### Working data
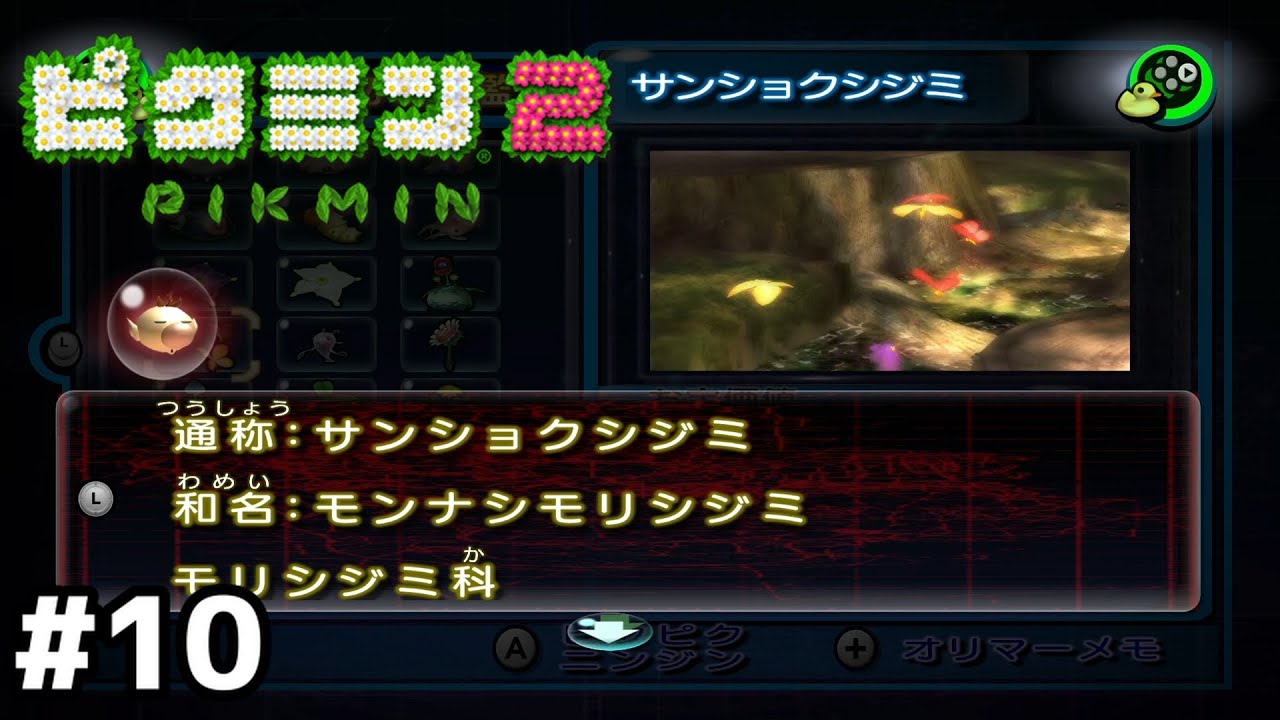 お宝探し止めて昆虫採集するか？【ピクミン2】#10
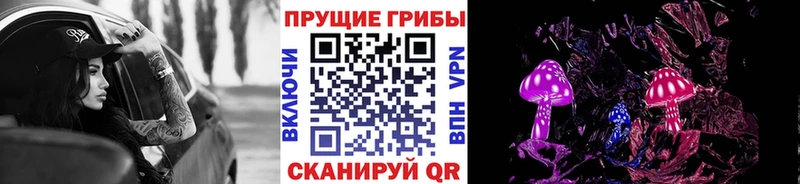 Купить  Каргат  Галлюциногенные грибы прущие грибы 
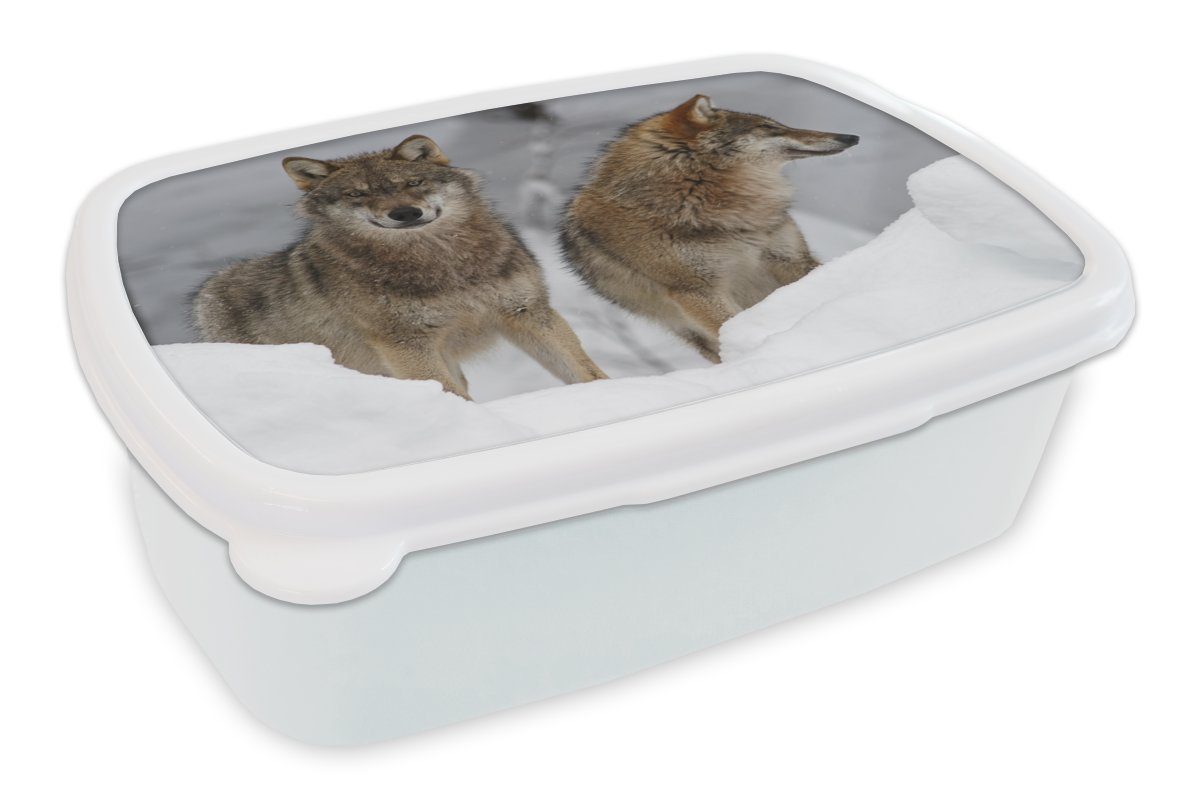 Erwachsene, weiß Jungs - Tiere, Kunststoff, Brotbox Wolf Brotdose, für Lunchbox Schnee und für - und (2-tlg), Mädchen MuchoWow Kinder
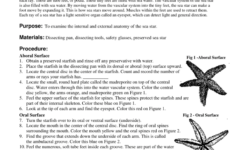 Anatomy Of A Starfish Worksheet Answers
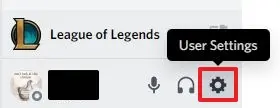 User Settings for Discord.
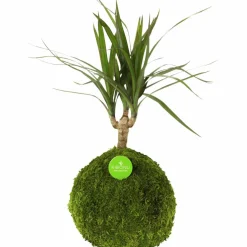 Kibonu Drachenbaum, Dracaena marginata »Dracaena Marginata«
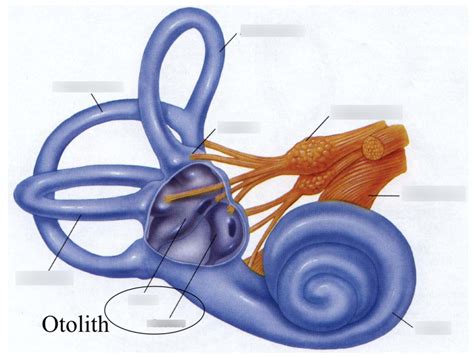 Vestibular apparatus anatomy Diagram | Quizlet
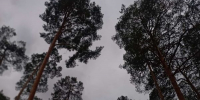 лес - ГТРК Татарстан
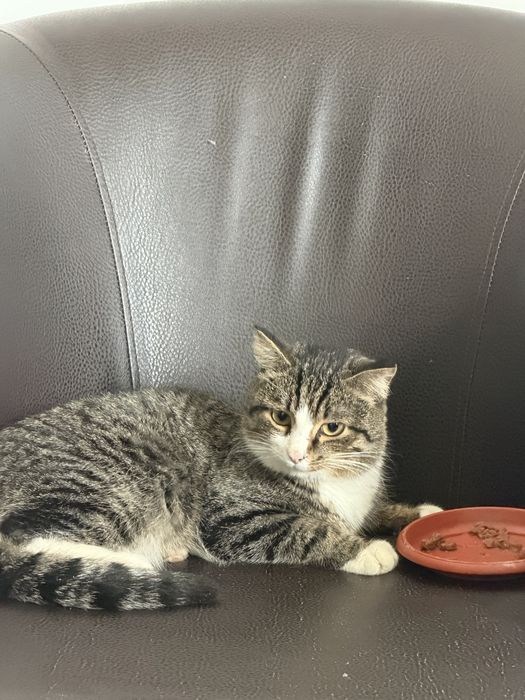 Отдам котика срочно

* * *

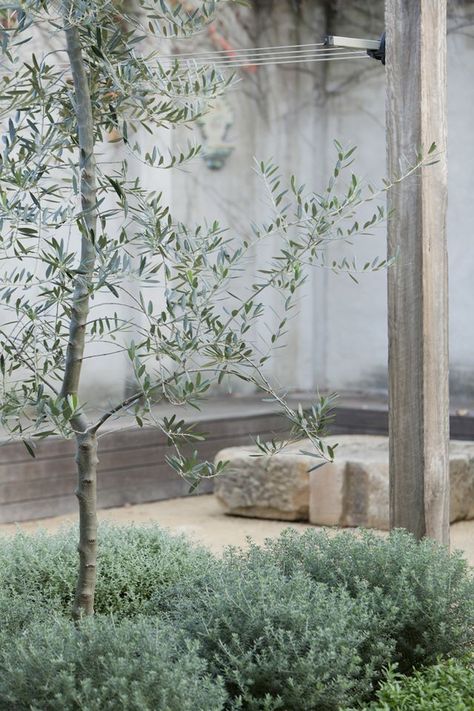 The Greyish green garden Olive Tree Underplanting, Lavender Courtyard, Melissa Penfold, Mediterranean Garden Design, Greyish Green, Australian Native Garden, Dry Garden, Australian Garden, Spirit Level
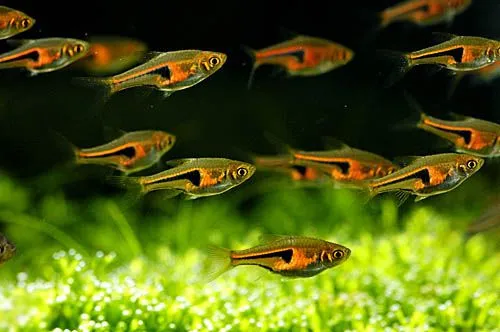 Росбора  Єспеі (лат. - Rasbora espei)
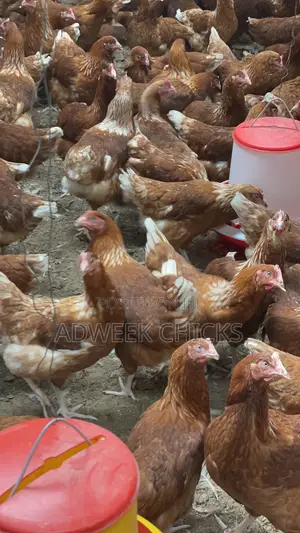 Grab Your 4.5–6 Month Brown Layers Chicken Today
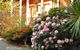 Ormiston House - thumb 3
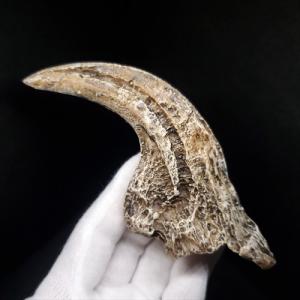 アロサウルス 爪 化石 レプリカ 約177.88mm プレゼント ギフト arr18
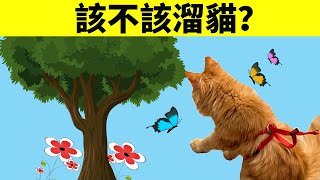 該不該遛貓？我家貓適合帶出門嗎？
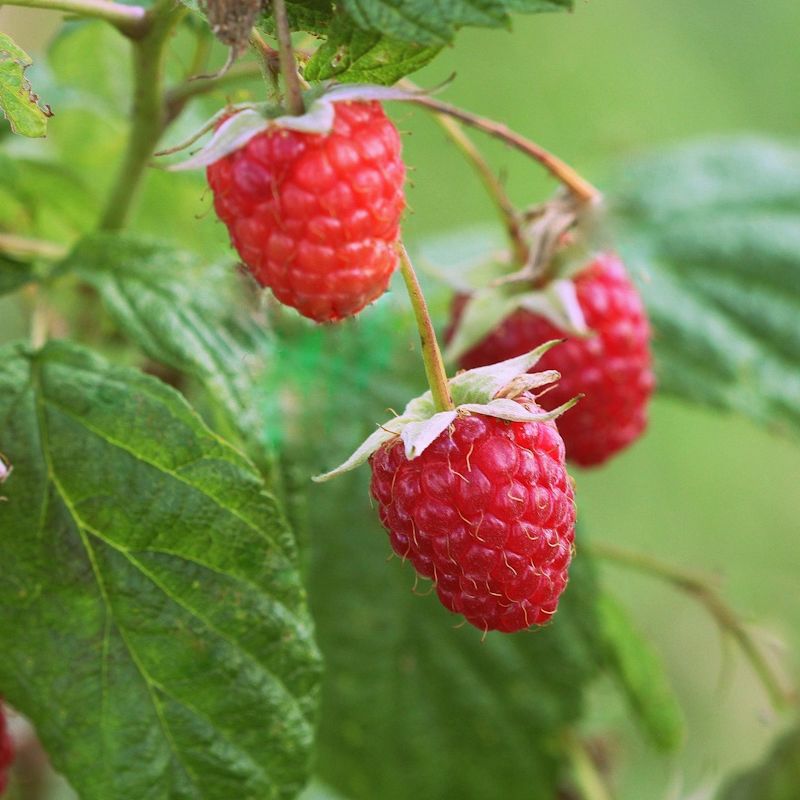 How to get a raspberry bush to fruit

* * *

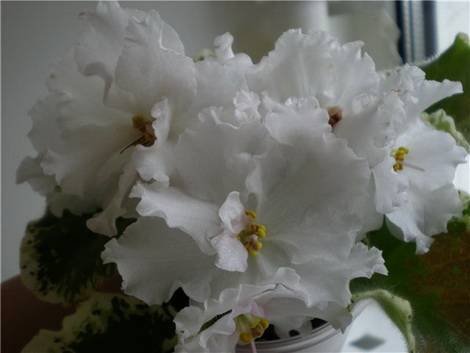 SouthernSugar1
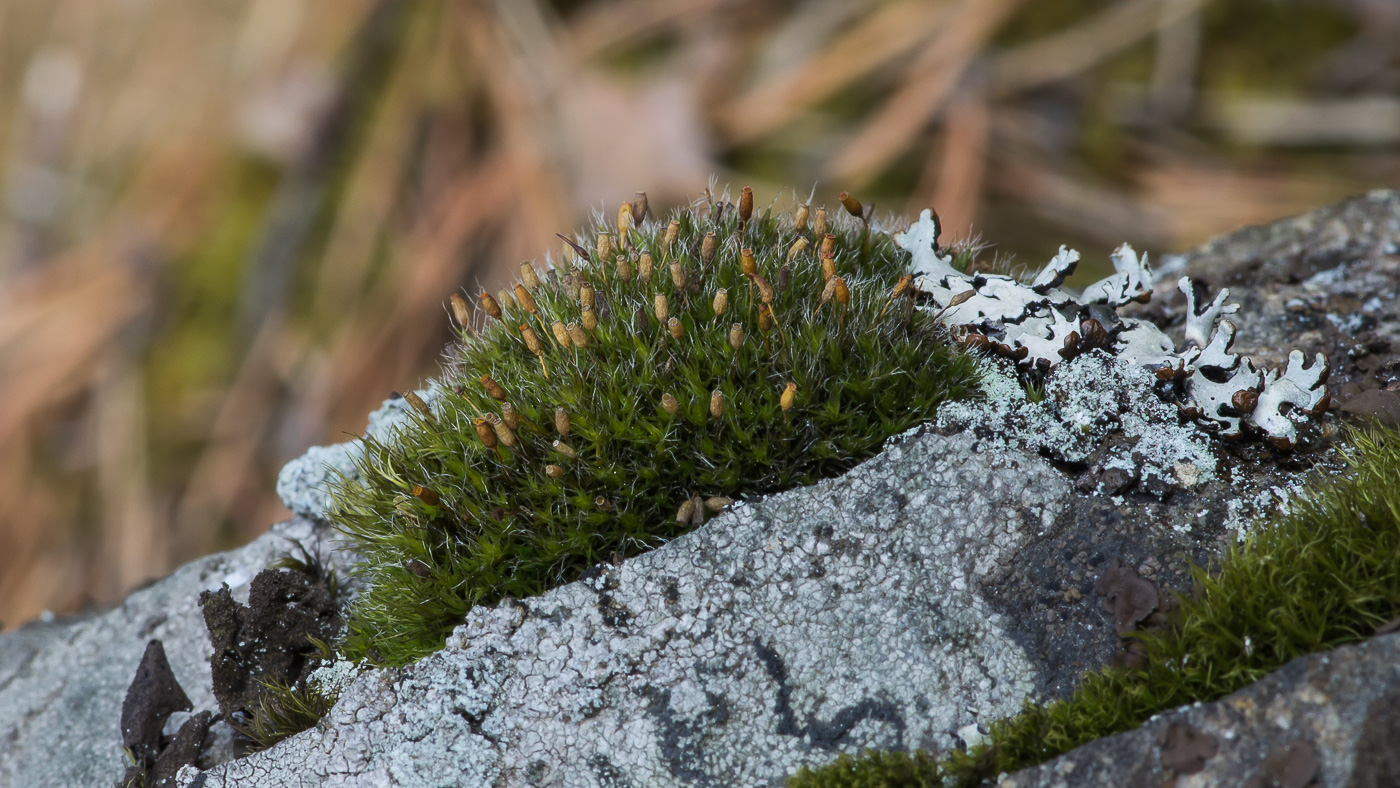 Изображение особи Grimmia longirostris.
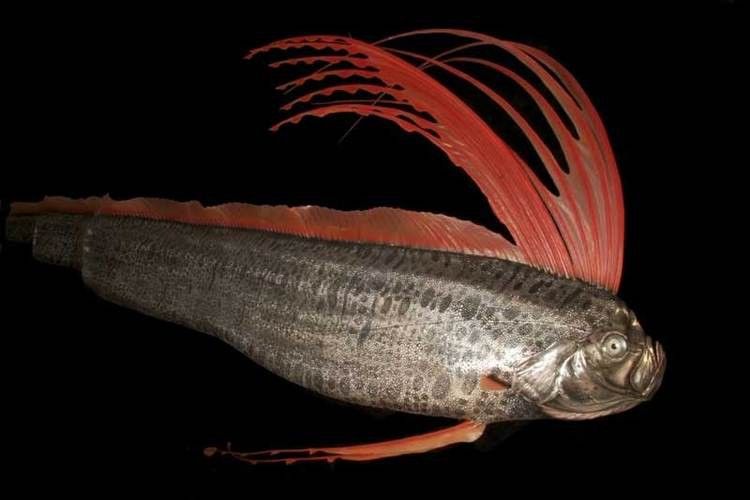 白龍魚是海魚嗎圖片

### Assignment
Going back to the data above, write out everything from the line with "アロサウルス 爪 化石 レプリカ 約177.88mm プレゼント ギフト arr18" down to the line with "How to get a raspberry bush to fruit", both included, leaving every picture out.

### Reply to the task
 アロサウルス 爪 化石 レプリカ 約177.88mm プレゼント ギフト arr18
 該不該遛貓？我家貓適合帶出門嗎？
 How to get a raspberry bush to fruit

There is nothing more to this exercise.